What does it really mean to forgive someone?

When you’re a child, forgiveness seems really simple: someone says sorry, you say you forgive them, and then you return to the jelly and ice cream.

But, as an adult, it’s a bit more complicated. How do I know that I’ve really forgiven someone? After all, it’s not just about saying “I forgive you”. Those are just words.

The late pastor Tim Keller suggested forgiveness involves three commitments:

Forgiveness is … a promise before God not to take revenge on a wrongdoer for his or her sin against you. Making that promise entails three practical commitments. You promise (1) not to constantly bring the sin up to the wrongdoer in order to browbeat and punish her, (2) not to constantly bring the sin up to other people in order to hurt the wrongdoer’s reputation and relationship with others, and (3) not to constantly bring the sin up to yourself—not to keep the anger hot, not to replay the video of it in order to cherish the feeling of nobility and virtue that comes from having been treated unjustly.

That’s powerful stuff. It’s not actually about “forgiving and forgetting“, the formula sometimes suggested. After all, it’s reasonable to protect yourself from someone you know typically behaves poorly in certain circumstances. But it is about not obsessing about that person’s past behaviour and not banging on about it.

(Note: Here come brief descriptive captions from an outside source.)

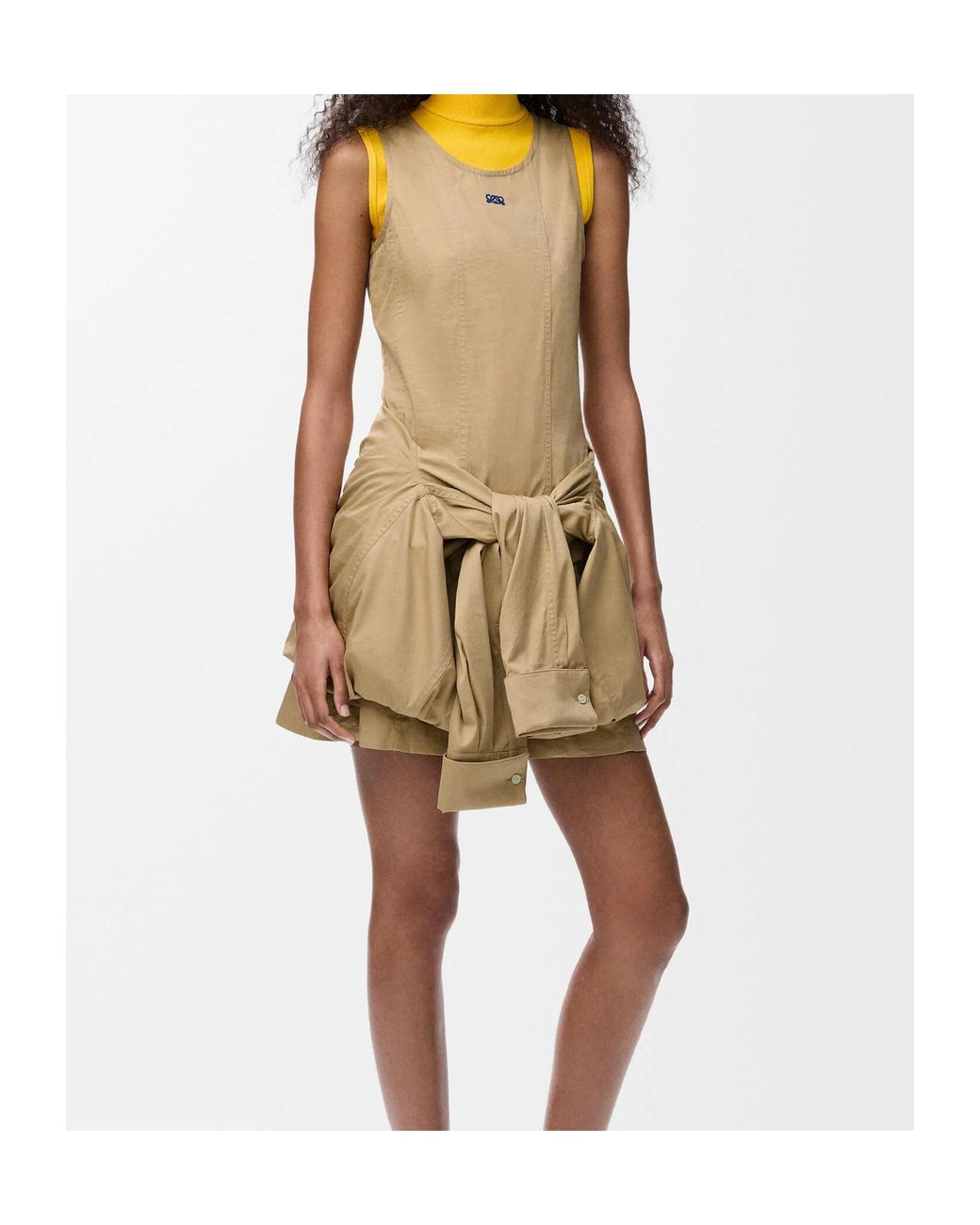 Loewe Natural Button-Up Layered-Effect Dress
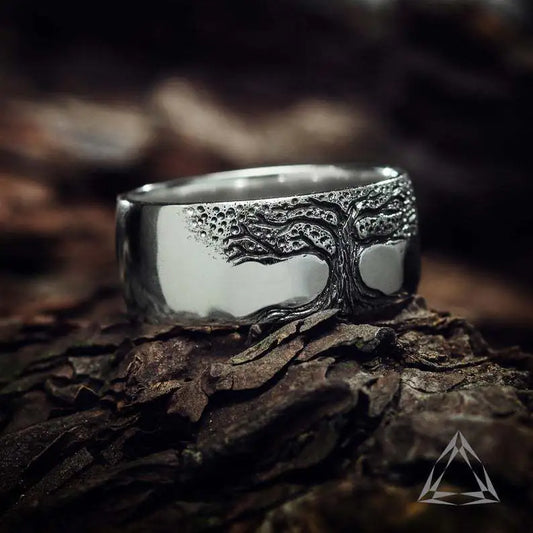 Simple Retro Carved Tree of Life Ring - 4OEBP - 4OEBP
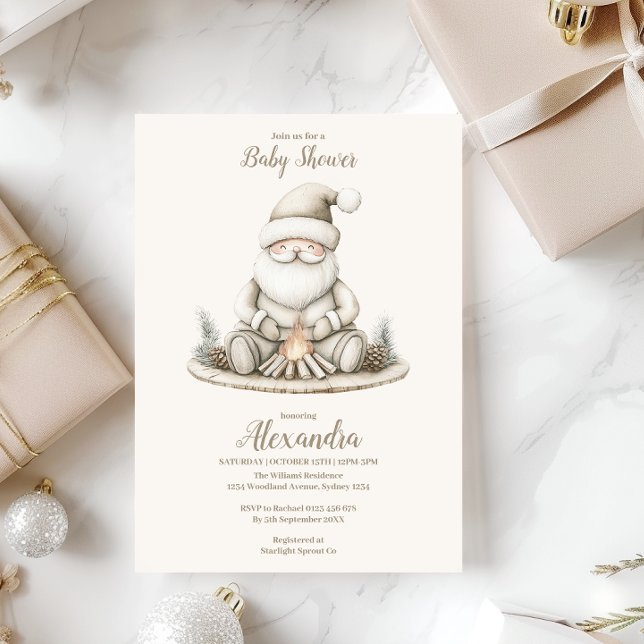 Cozy Santa Winter Baby Shower Invitation (Creator Uploaded)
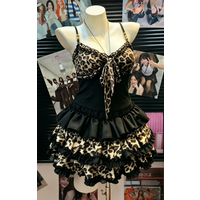 Subculture Fashion American Vintage Lace Sexy 2 Piece Set Sleeveless Camisole+ Elegant Leopard Print Mini Skirt Women's Clothes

To Keller’s list of commitments, I’d add a fourth: swerve away from schadenfreude – the feeling of pleasure around someone’s misfortune.

On the one hand, it’s good to feel positively about justice being served. Proverbs 21:15 tells us: “When justice is done, it brings joy to the righteous but terror to evildoers.” So it is perfectly reasonable to be pleased when the local muggers are brought to trial and given a sentence.

But Jesus teaches us something radical. We should also be praying for those muggers. This perhaps might involve asking for them to repent, find good role models and become respectable members of society. He’s what Jesus says (in Matthew 5):

You have heard that it was said, ‘Love your neighbour and hate your enemy.’

But I tell you, love your enemies and pray for those who persecute you, that you may be children of your Father in heaven. He causes his sun to rise on the evil and the good, and sends rain on the righteous and the unrighteous. If you love those who love you, what reward will you get? Are not even the tax collectors doing that?

So genuine forgiveness involves wanting a good outcome for the other person. After all, God himself came down from heaven in human form in an act of love towards those who had sinned against him.